Everyone dies. If I manage to get another 35 years, I’ll be doing great, but 35 years ago seems like a minute, and that means I have a minute or less left. Less, because time passes faster now. It’s a mistake to invest myself in it.

I don’t want to end up like Madonna or Cher, paying doctors to paste me together and dressing in age-inappropriate clothes while I pretend to be young. At its best, this life was not that great. When I’m 85 and my memory, eyesight, hands, and teeth are failing, it will be like a dirty paper towel I really want to throw away.

You’re going to die, too. Everything you build on this earth is going to be destroyed. No one will care about your accomplishments a thousand years from now. If you get too caught up in earthly affairs, you’ll be like Peaked in High School Rob Lowe.

https://youtu.be/h9tZ1RmMNRw

I’ve often thought Satan was like a person who peaked in high school. He loves trinkets and costume jewelry. He has the values of a two-year-old. He wrote the Koran; no wonder the Muslim afterlife looks like a high school boy designed it. Stuff yourself, stay drunk, have sex with women and young boys…you might as well go to Thailand. Why go to heaven if you remain immature?

I remember watching a “Christian” seminar salesman named Brian Klemmer, claiming he had a 500-year plan for his life. He was trying to convince a crowd of churchgoers to buy expensive Werner Erhard-style seminars. It was just sales talk, and when he died shortly thereafter from a torn neck artery, I doubt he gave the plan a thought. I thought he was foolish, and I don’t want to sound like him. I am not claiming I have a plan for the afterlife. But God has given me some clues on how to get ready, so I am using them.

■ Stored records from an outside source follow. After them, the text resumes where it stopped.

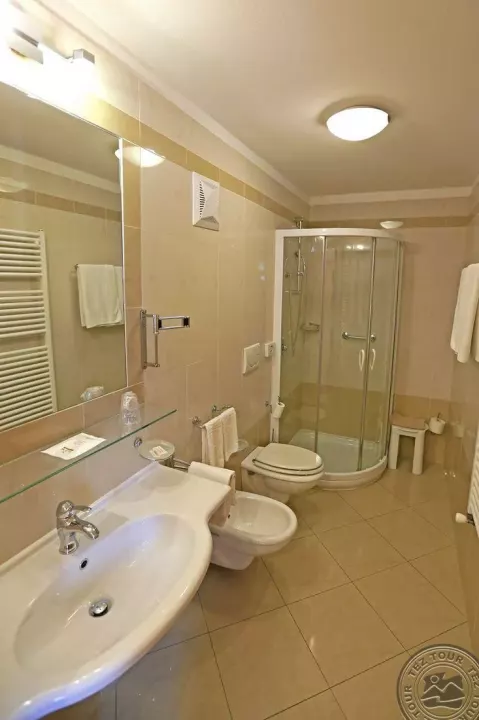 Viešbutis „LAURIN HOTEL“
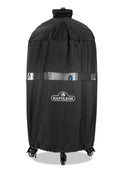Napoleon Apollo 18 Smoker Premium Grill Cover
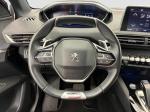 peugeot-3008-2020-gasolina-1199cc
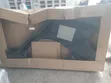 Toyota Harrier Rear Wing / Fender / Pillar - 2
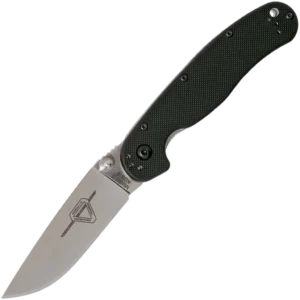 Ontario Knife Company RAT II SP
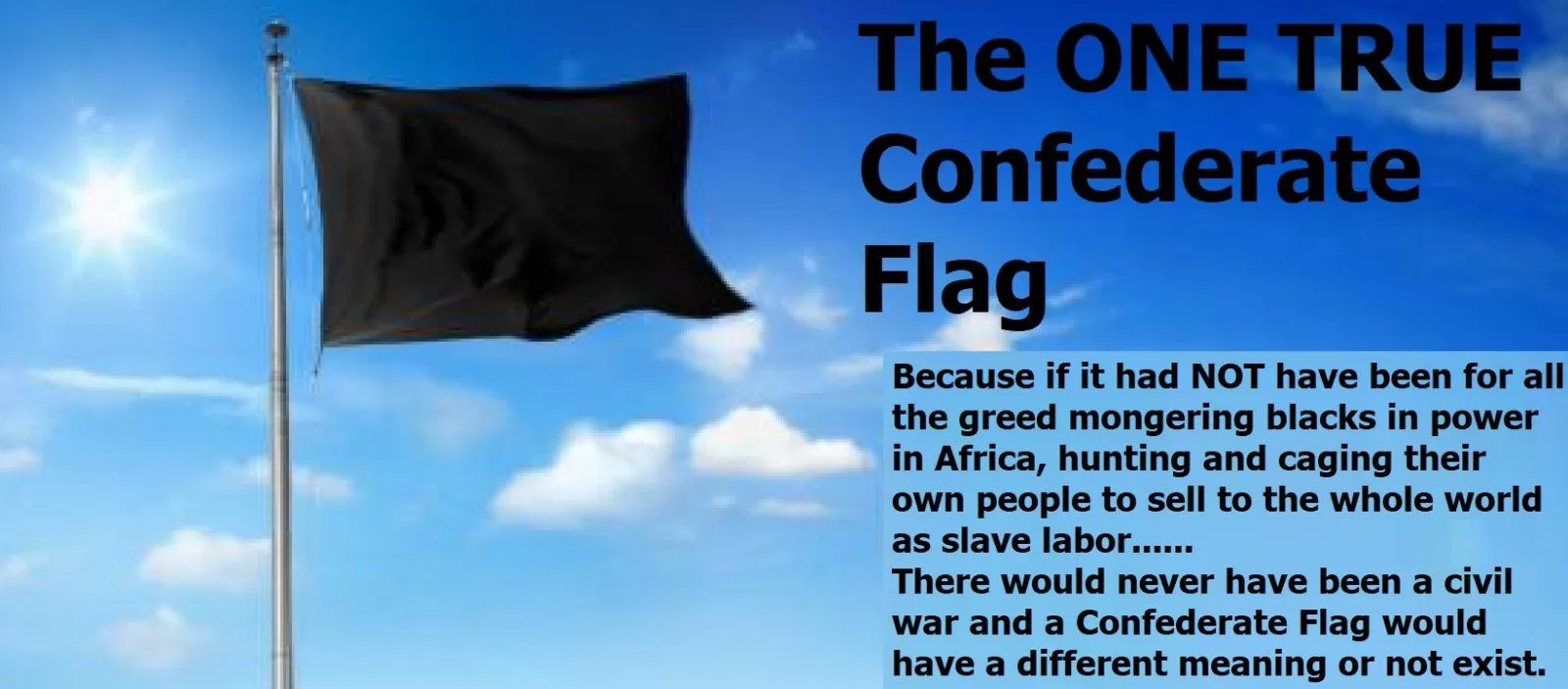 Confederate Flag.webp
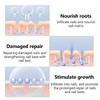 Vamy Vamy Nail Care Moisturizer.Nail Health Care Solution with Lavender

Klemmer actually fooled a lot of Christians. Check out the prices on his seminars, if they’re still available. Ask yourself if God sent someone here to teach EST instead of Christianity, for that kind of money, when Jesus and the Apostles taught the real thing for nothing.

If Klemmer had not used classic Scientology-style tiered pricing for his seminars (It’s free! Did you like it? The next one costs $300!), I might be able to treat him with some respect.

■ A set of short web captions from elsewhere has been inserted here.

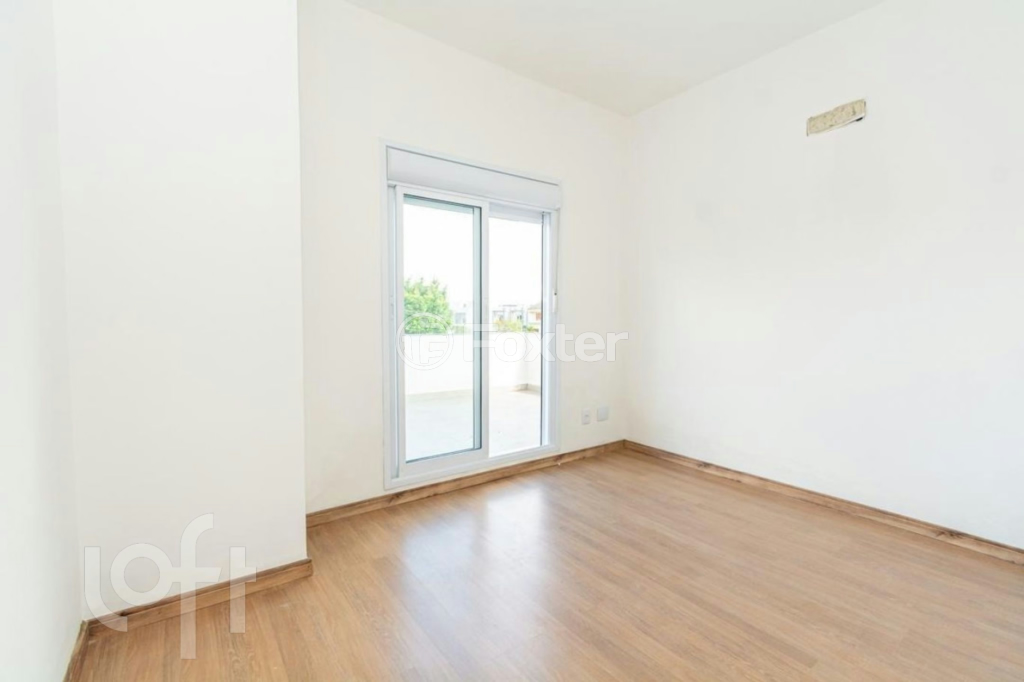 Casa à venda com 3 quartos, 130m² - Foto 17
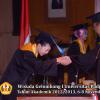 wisuda-unpad-gel-i-ta-2012_2013-fakultas-ilmu-keperawatan-oleh-rektor-042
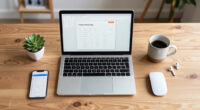11 AI Tools To Help You Work Smarter In 2026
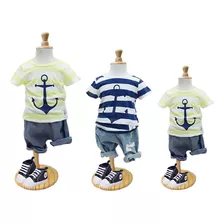 3 Manequim Infantil Kids Vitrine Feminino Lojista Vitrinista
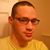 Christopher Eisen's profile image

You’re going to die. It’s going to happen sooner than you think. Your life here is as good as over, and if you’re a Christian, there’s a fair chance you will be required to give up your life voluntarily.

The God-haters will get more power. Today they’re happy if you bake a wedding cake. Tomorrow, they’ll tell you to renounce God or die. You’ll need to improve yourself substantially if you want to pass that test. You really don’t want the consequences of giving in.

Among gays, there is a widespread preoccupation with youth. It was one of the things that drove gay mass shooter Vester Flanagan to kill. He was infuriated because he had gotten fat and dumpy, and other men no longer looked at him with lust or paid attention to him.

Interesting.

Keep praying in the Spirit. Keep listening. Ask God to help you love correction.

It’s the mature thing to do.

2 Responses to “Fryolator Certification Doesn’t Impress in Heaven”

  1. WB Says:

    I am commenting here because I didn’t want you to think that I didn’t read the post or think it was a good one. I am exercising my power to keep you from cringing when you look to see if you have comments.

    Because that’s the happenin’ kind of guy that I am.

    And powerful, too.

  2. Steve B Says:

    I’ve had the same experience with some of the devotionals I’ve written, where I go back and read them and realize, “Okay, I’m good, but I’m not THAT good!” And I can tell the difference between the ones that are the just the world according to me, and the ones where the Holy Spirit has had a hand. It’s really humbling, but also exciting. And a real challenge. One of the things I pray for the most often, especially when writing, is discernment. If I am presuming to speak as an authority, I want to make sure I’m speaking the Truth!